Europe to hunt Islamic State online ringleaders

Europe to hunt Islamic State online ringleaders
The European Union's law enforcement agency, Europol, have tasked a team to track and block Islamic State linked social media accounts to tackle online 'grooming'.
3 min read
22 June, 2015
Europol will launch its Internet Referral Unit on July 1 [AFP]

A Europe-wide police team is being formed to track and block social media accounts linked to the Islamic State (IS) group, in an attempt to tackle the issue of online recruitment by extremists.

The European Union's law enforcement agency, Europol, will launch its Internet Referral Unit on July 1, with aims to "identify the ringleaders online".

The new team will work with unnamed social media companies to track the accounts and to get any new accounts closed down within two hours of being set up.

     The Internet is the Islamic State's main tool to spread its warped worldview

- David Cameron

Europol estimates that up to 5,000 EU citizens, including people from the UK, France, Belgium and the Netherlands, have travelled to territories controlled by IS.

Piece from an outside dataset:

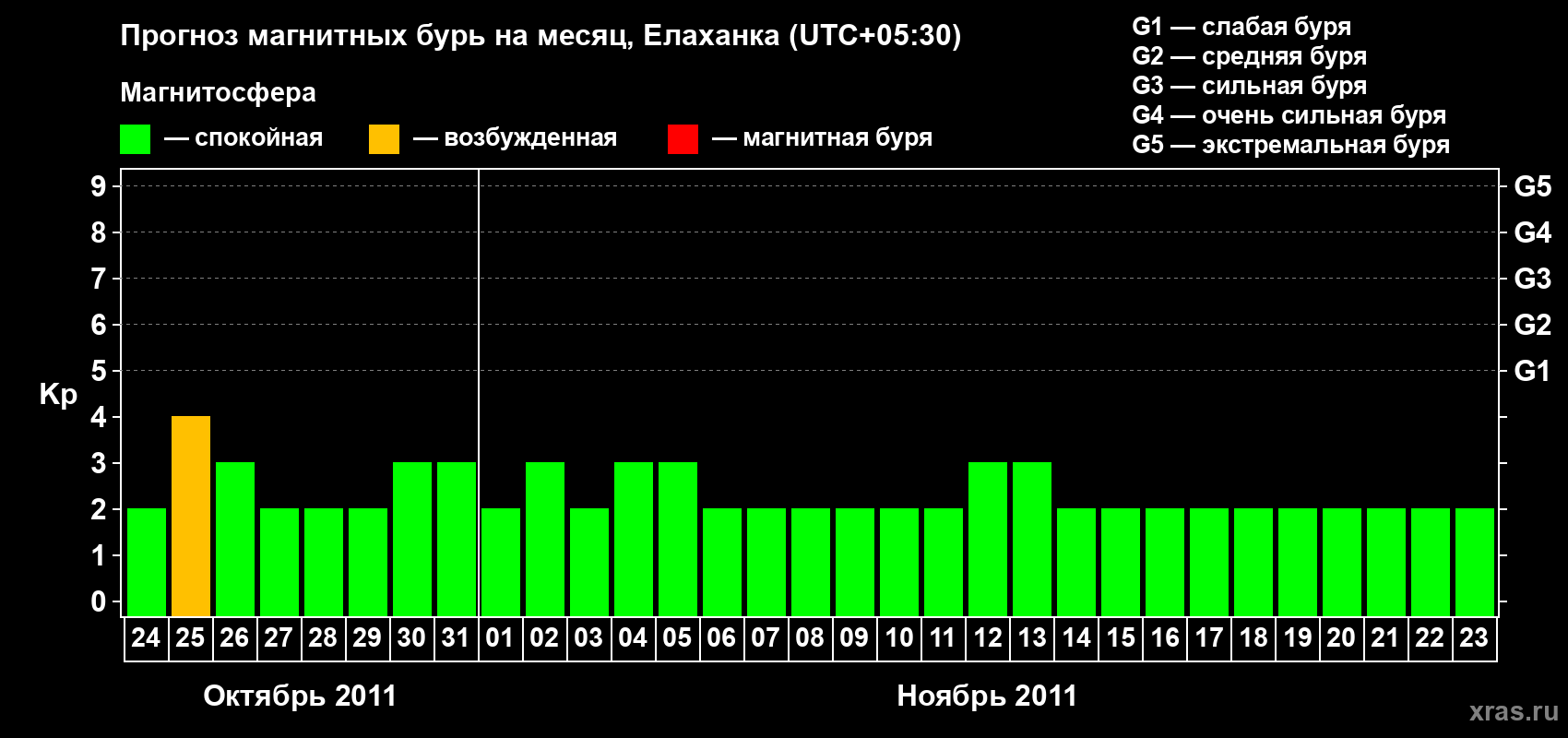 Прогноз максимального суточного геомагнитного индекса&nbsp;Kp на <b>1 месяц</b> (31 день) <b>с 24 октября по 23 ноября 2011 г</b>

Over a period of four months, IS supporters have used more than 46,000 Twitter accounts and produced 90,000 tweets and other social media responses daily, a US study found.

Many of these, the study believes, have helped to recruit new IS members.

British Prime Minister David Cameron on Friday urged action focused on the Internet saying it is the Islamic State's "main tool to spread its warped worldview."

"We've always had angry young men and women buying into supposedly revolutionary causes," Cameron told a dozen European leaders attending the GLOBSEC security conference in the Slovak capital Bratislava.

"Those young recruits left often loving, well-to-do homes, good schools and bright prospects to strap explosives to their chests and blow themselves up and kill innocent people" Cameron said.

Britain was recently shaken by the case of 17-year-old Talha Asmal, a Briton identified as the driver of one of four explosive-laden vehicles used in an attack on an oil refinery in northern Iraq a week ago.

But Britain's strategy on "Islamist extremism" has been in the spotlight for months since IS executioner "Jihadi John" was identified as Mohammed Emwazi from London and a string of young people left Britain to fight for the IS group in Syria.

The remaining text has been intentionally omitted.